Provided information –
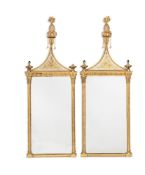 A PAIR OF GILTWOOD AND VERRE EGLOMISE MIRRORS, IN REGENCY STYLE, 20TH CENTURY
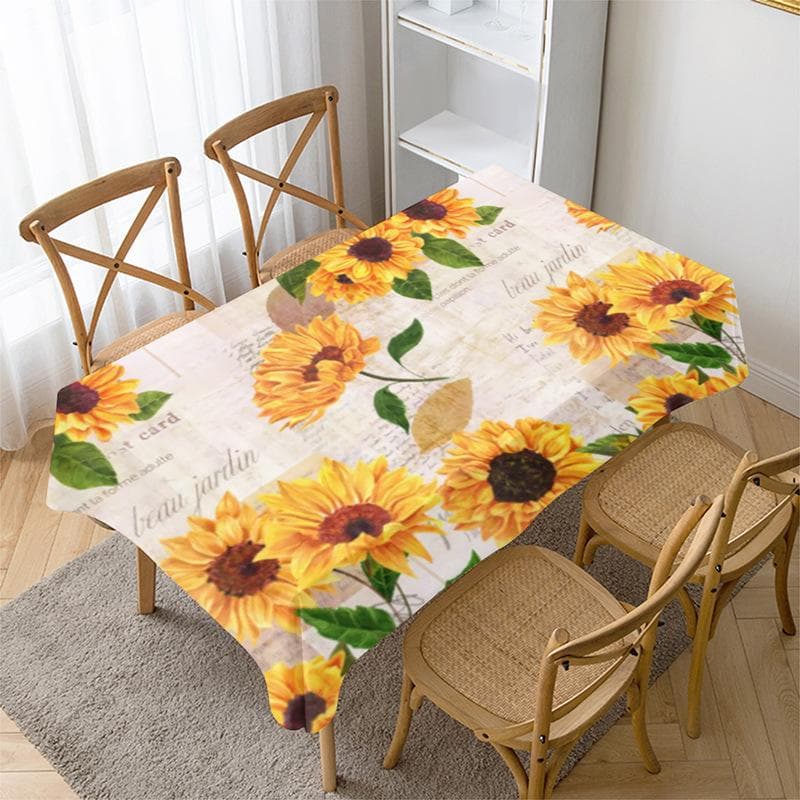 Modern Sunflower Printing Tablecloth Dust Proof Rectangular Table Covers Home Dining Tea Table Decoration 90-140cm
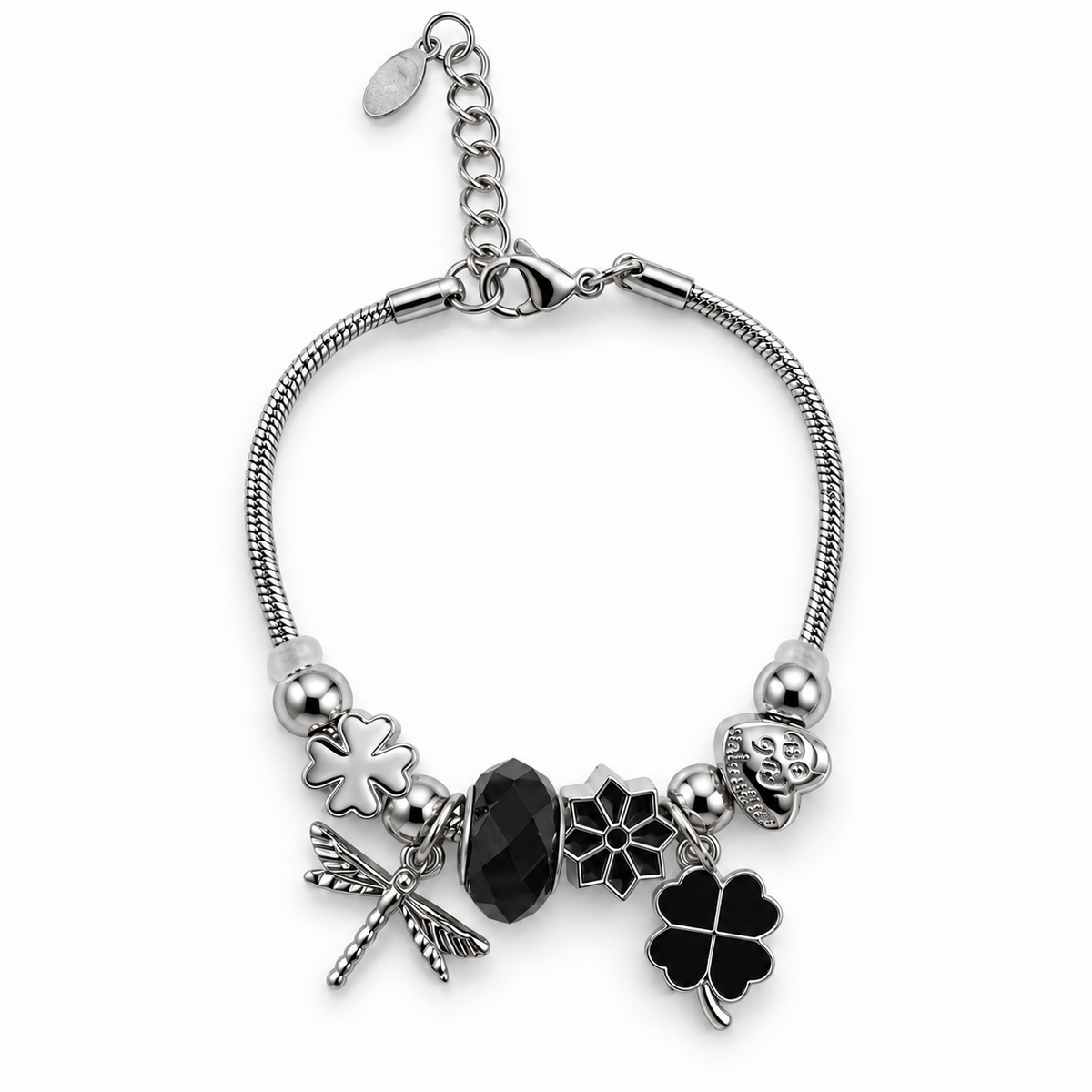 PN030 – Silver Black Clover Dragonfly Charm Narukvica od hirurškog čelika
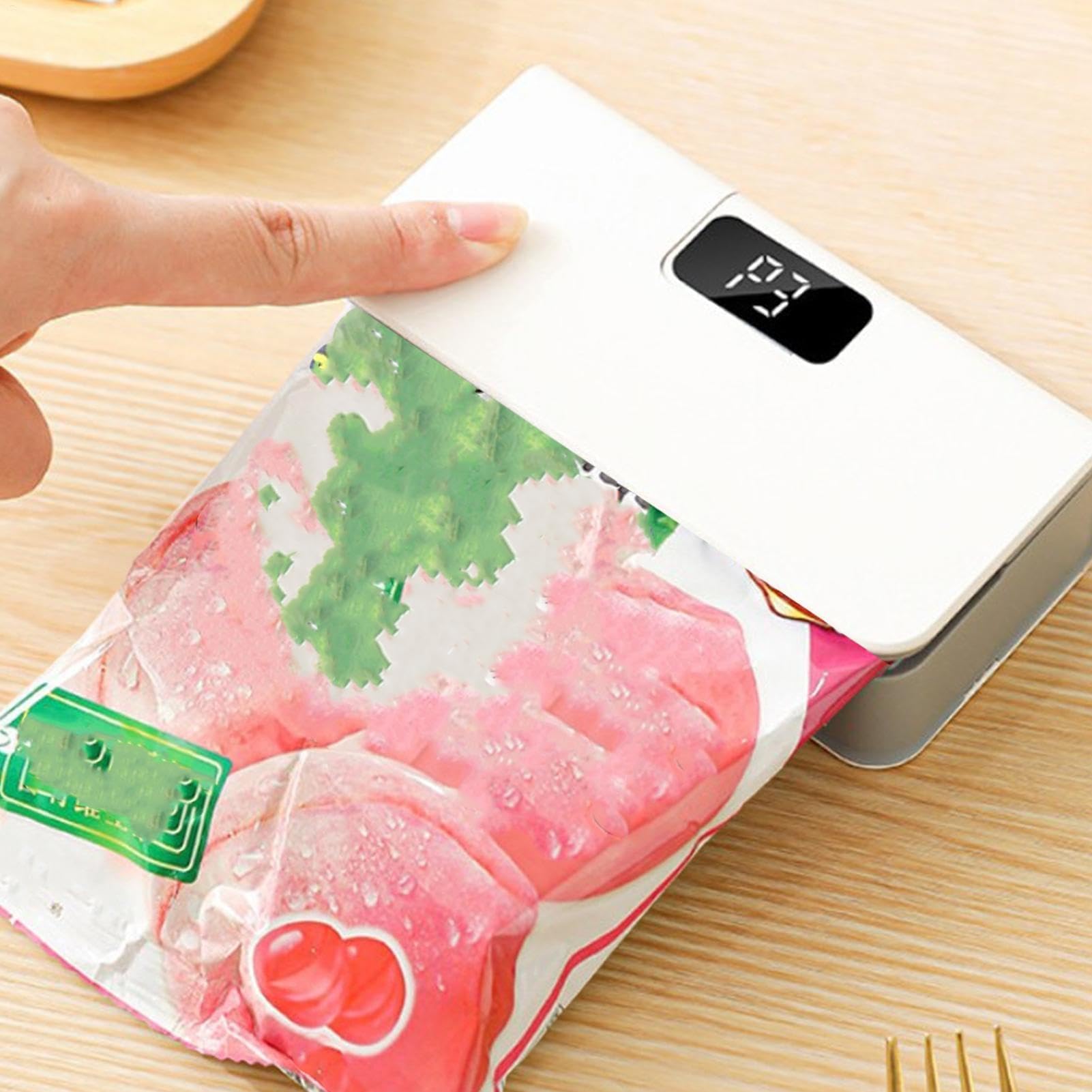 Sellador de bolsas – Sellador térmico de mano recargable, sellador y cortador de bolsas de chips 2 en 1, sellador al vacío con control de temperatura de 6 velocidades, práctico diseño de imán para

...

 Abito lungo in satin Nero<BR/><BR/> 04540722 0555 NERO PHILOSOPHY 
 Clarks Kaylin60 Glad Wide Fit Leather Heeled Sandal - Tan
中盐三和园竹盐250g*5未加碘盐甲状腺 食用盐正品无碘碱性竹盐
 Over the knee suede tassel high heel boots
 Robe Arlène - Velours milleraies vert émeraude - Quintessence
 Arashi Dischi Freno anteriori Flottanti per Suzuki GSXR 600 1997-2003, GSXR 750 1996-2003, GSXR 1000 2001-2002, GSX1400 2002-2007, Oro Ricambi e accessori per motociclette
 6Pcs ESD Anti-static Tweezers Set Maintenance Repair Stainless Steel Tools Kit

--

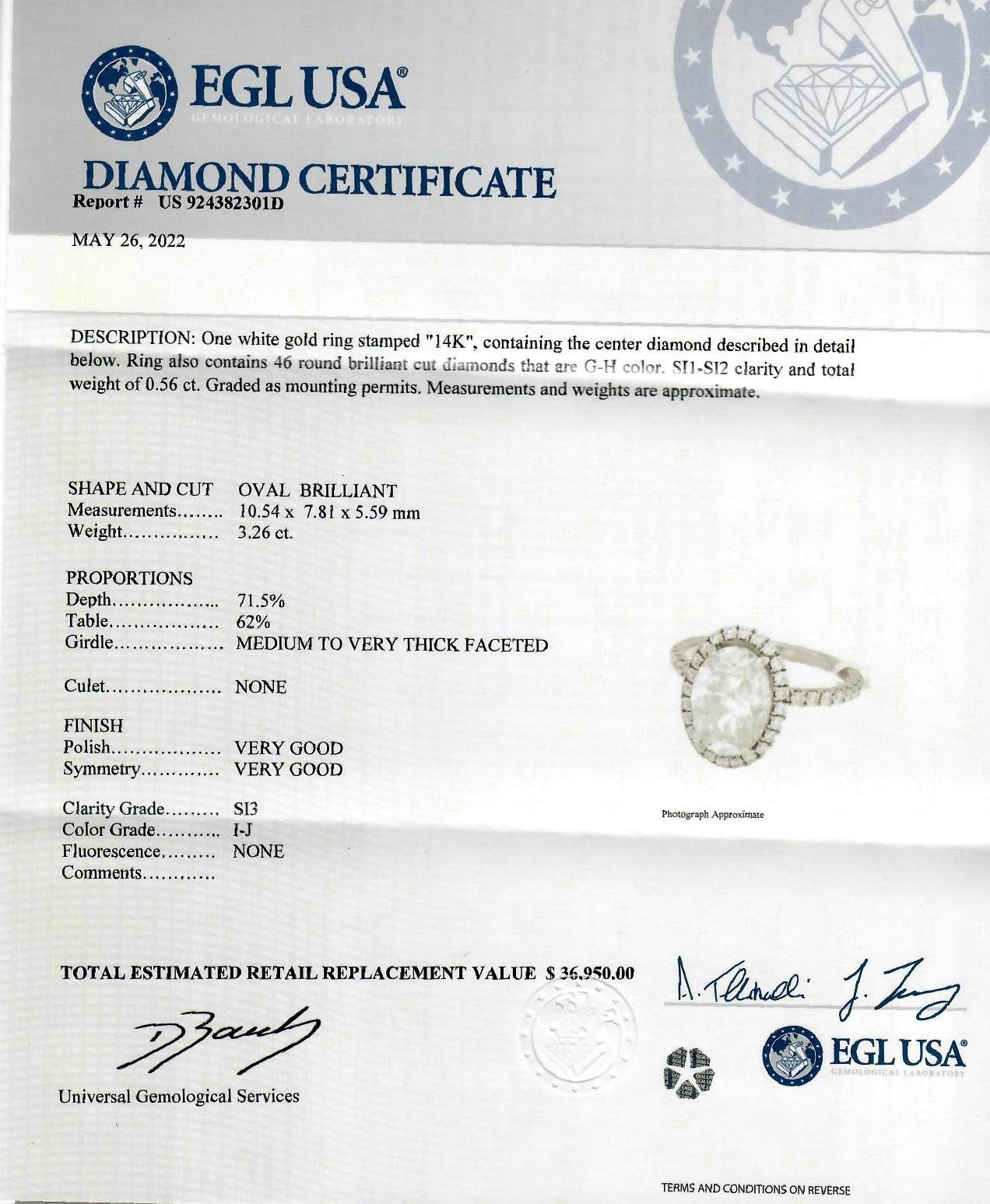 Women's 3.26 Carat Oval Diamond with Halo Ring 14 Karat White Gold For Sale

Exercise – Treat the line with "A PAIR OF GILTWOOD" as the start and the line with "PN030 – Silver" as the end, and return exactly that span of the data above, both ends included, without pictures.

Your solution –
 A PAIR OF GILTWOOD AND VERRE EGLOMISE MIRRORS, IN REGENCY STYLE, 20TH CENTURY
 Modern Sunflower Printing Tablecloth Dust Proof Rectangular Table Covers Home Dining Tea Table Decoration 90-140cm
 PN030 – Silver Black Clover Dragonfly Charm Narukvica od hirurškog čelika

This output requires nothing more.